Material for this task
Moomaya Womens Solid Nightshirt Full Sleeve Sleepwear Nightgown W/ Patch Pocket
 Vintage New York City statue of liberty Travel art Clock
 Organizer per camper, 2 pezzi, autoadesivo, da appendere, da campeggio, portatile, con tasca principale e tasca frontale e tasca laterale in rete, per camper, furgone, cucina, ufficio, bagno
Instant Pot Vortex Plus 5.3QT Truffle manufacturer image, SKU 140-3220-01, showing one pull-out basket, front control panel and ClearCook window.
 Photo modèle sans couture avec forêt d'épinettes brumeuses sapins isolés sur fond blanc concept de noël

Task prompt
Retype word for word everything in the listing above from the line that holds "Vintage New York" down to the line that holds "Instant Pot Vortex". Keep both end lines and leave out the rest.

Exercise result
 Vintage New York City statue of liberty Travel art Clock
 Organizer per camper, 2 pezzi, autoadesivo, da appendere, da campeggio, portatile, con tasca principale e tasca frontale e tasca laterale in rete, per camper, furgone, cucina, ufficio, bagno
Instant Pot Vortex Plus 5.3QT Truffle manufacturer image, SKU 140-3220-01, showing one pull-out basket, front control panel and ClearCook window.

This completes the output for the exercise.